Lecture 13

File Organization and Indexing

Unit III: Storage & Indexing

Database Systems - MTech First Semester

Cloud & Software Operations Cluster | SOCS | UPES

Dr. Mohsin Dar
Assistant Professor

Learning Objectives

What We'll Learn Today

Understand different file organization techniques
Learn the concept and importance of indexing
Explore various types of indexes
Analyze index performance through practical calculations
Compare different file organization methods

File Organization

What is File Organization?

File Organization refers to the way records are arranged and stored in a file on secondary storage devices.

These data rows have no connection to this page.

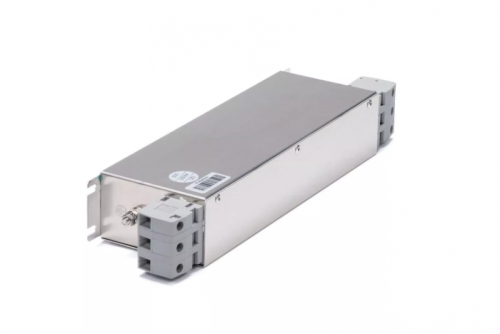 Входной ЭМИ фильтр RFI-SN-18.5 18.5кВт, 380В | код 08.06.000954 | ESQ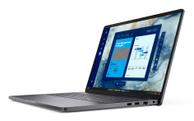 DELL Pro 16 PC16250 Intel Core 5 120U Laptop 40,6 cm (16") Full HD+ 16 GB DDR5-SDRAM 512 GB SSD Wi-Fi 6E (802.11ax) Windows 11 Pro Deutsch Schwarz (JWXFG)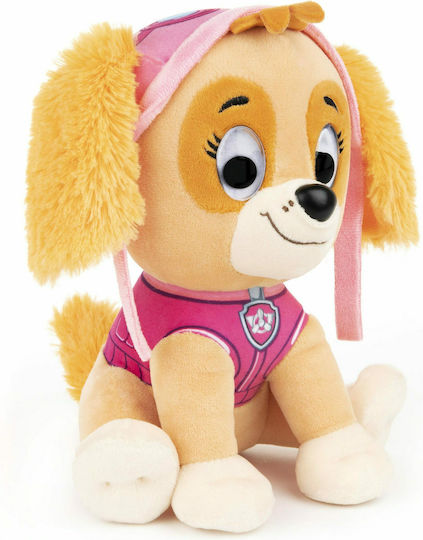 Spin Master Λούτρινο Paw Patrol Skye για 1+ Ετών 23 εκ. 6058446 - Image 2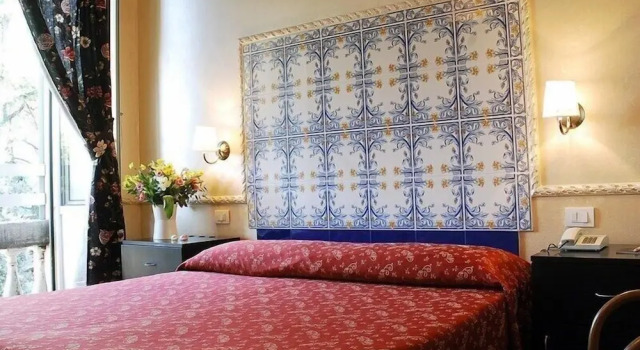 Двухместный номер Standard Hotel Picasso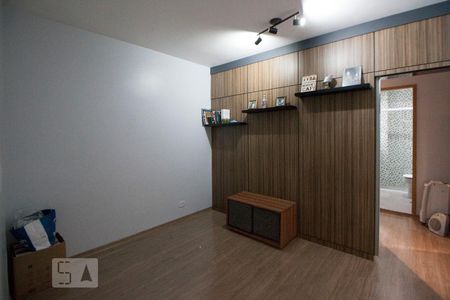 Apartamento à venda com 36m², 1 quarto e sem vagaSala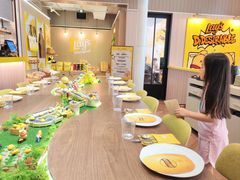 -Calix&Lay's(新天地店)
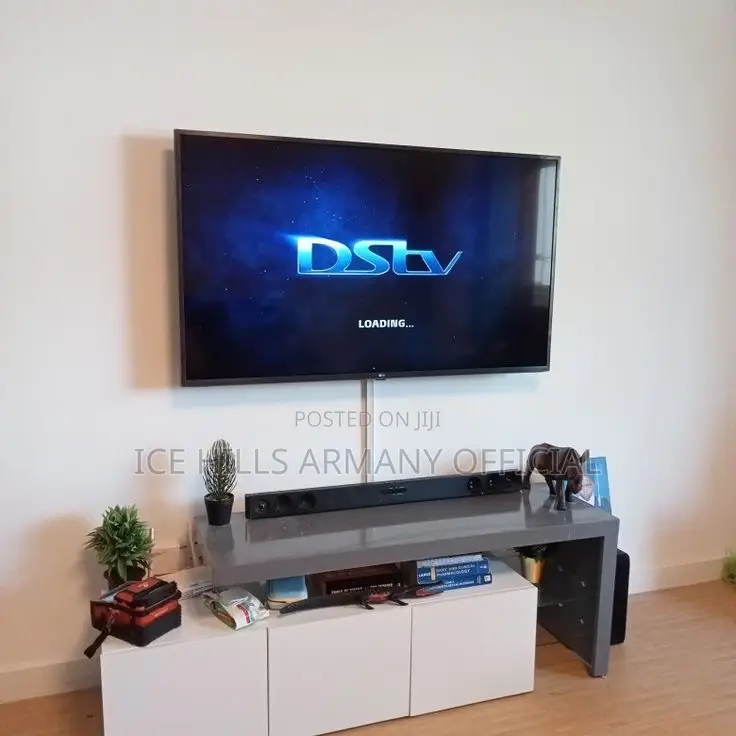 TV ,Blinds and Curtains Fixing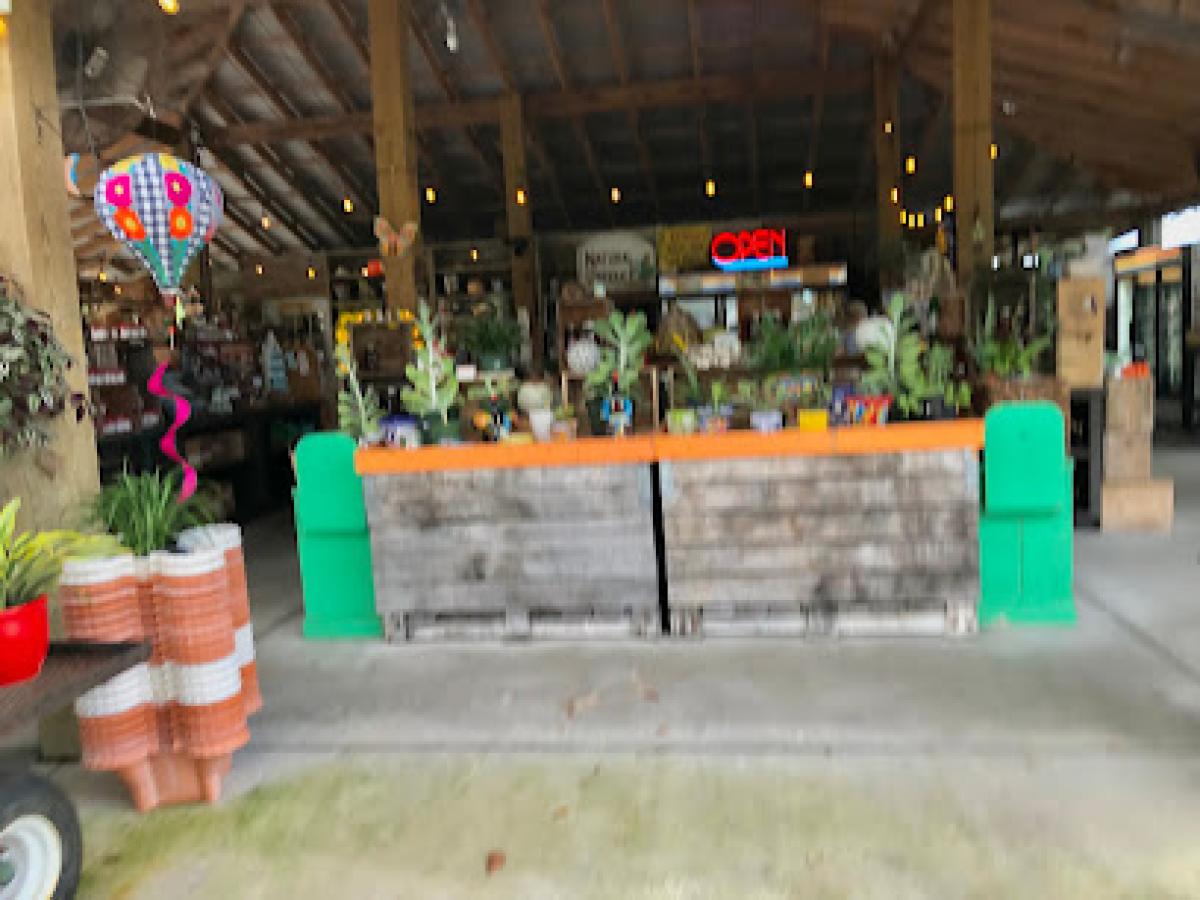 Peterson's Groves & Nursery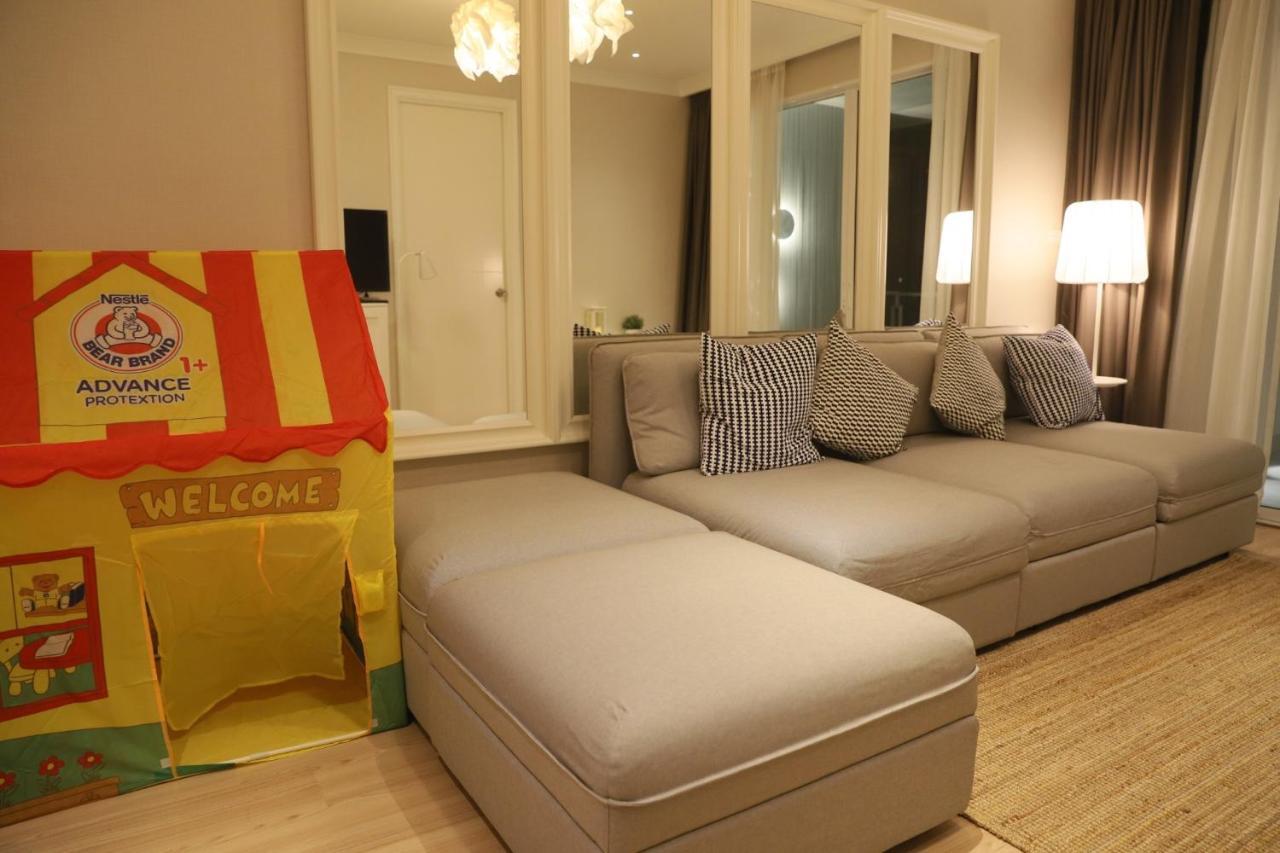 F304 My Resort Hua Hin Ngoại thất bức ảnh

The organization of data files impacts:

Access Time: How quickly we can retrieve records
Storage Efficiency: How much space is utilized
Update Performance: Speed of insertions, deletions, and modifications
Query Performance: How efficiently we can search for data

File Organization Types

Types of File Organization

1. Heap File (Unordered)

Records are stored in the order they are inserted - no particular ordering.

Unordered File Organization Details

Records are typically added at the end of the file, without following any specific order.
This insertion method allows only linear search, resulting in slower search times.
Despite slow searches, maintenance including insertion and deletion is simpler.
No reorganization of the entire file is needed, making maintenance easier.
If file is unordered, number of block accesses required to reach correct block which contains the desired record is O(n), where n is the number of blocks.

Unordered File Organization Example

✓ Advantages: Fast insertion (O(1)), simple structure, no reorganization needed

✗ Disadvantages: Slow search (O(n) - linear scan), inefficient for queries

2. Sequential File (Ordered)

Records are stored in order based on a key field.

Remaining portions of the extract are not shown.